For multichannel merchants and IT personnel alike, trying to obtain and integrate all the data needed for direct marketing campaigns is a serious, and often difficult, process.
Let’s say you wanted to send a direct mail campaign with a follow-up e-mail campaign to nonresponders. The basic criteria for a list selection might consist of a few suppressions, geographic area, transactional data/behavior, and number of marketing touches. On the surface, this sounds like a straightforward direct marketing campaign. But what about the data to support the campaign? Are the necessary data available and integrated? If not, what will it take to get them ready? Has the data integration become part of the marketing campaign, or are the data ready prior to the campaign, as should be the case? In this case, it is likely that the data needed to execute the campaign exist in two or three places within the organization–and possibly in as many as five or six places.

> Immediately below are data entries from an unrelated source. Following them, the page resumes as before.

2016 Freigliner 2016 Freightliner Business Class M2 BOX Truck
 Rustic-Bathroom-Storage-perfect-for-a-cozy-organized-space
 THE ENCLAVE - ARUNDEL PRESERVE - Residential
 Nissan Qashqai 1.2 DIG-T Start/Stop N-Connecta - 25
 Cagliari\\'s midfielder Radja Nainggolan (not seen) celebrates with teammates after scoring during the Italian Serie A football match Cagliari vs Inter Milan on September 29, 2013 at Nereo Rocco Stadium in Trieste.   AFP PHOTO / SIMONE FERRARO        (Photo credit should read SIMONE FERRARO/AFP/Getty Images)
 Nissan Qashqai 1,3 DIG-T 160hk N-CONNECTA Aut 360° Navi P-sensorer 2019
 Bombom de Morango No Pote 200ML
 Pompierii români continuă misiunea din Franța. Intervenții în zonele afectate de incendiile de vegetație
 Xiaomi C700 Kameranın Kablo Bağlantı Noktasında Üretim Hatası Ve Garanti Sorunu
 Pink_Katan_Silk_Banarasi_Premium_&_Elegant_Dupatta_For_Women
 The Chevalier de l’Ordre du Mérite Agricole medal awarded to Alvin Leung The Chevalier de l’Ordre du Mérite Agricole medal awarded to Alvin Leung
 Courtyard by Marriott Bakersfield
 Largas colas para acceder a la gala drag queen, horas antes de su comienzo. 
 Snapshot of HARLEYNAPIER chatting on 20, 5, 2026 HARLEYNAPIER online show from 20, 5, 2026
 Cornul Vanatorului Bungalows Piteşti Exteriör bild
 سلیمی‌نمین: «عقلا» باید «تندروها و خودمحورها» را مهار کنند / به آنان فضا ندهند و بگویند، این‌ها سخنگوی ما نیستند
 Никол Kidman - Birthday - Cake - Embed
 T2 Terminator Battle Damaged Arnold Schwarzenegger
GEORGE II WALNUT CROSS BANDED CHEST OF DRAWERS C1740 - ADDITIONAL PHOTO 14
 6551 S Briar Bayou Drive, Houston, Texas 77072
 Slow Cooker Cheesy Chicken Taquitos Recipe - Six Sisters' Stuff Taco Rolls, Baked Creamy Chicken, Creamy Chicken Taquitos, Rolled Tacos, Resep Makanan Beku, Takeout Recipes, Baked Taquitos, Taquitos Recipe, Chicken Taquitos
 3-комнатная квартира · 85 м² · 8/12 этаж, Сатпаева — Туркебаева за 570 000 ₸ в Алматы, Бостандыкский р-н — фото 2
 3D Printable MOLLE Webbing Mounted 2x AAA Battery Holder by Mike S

Proper integration of pertinent marketing data for effective and efficient direct marketing campaigns is essential, not only to the success of each campaign but also to the ongoing viability of your company’s entire marketing program. The following types of data are typical of those that need to be integrated for direct marketing:
- Customer and/or prospect data
- Multichannel contact data (postal address, e-mail address, phone number, etc.)
- Transactional data (for RFM)
- Multilevel managed data (individual, household, residence, unique business, unique e-mail address, etc.)
- Attributes of customers or prospects, such as interests, preferences, and affinities (can be self-reported or appended)
- Demographic/lifestyle data
- Segmentation data
- Predictive model data
- Campaign history
- Marketing touch tracking
- Suppression data (opt-outs)
- Derived data or categorizations of other data elements
This list does not address specific integration processes, such as data validation, data standardization, and application of business rules. It would take several articles to provide details on how to properly integrate data–in fact, books are written on the subject.
But here, at least, you’ve gotten to the first steps: recognizing the importance of data integration, determining the data that need to be integrated, and implementing the process of integrating the data, while accounting for the scope, complexity, and cost of the integration effort.
Jeff Barela is chief operating officer of Highlands Ranch, CO-based marketing database company Dovetail.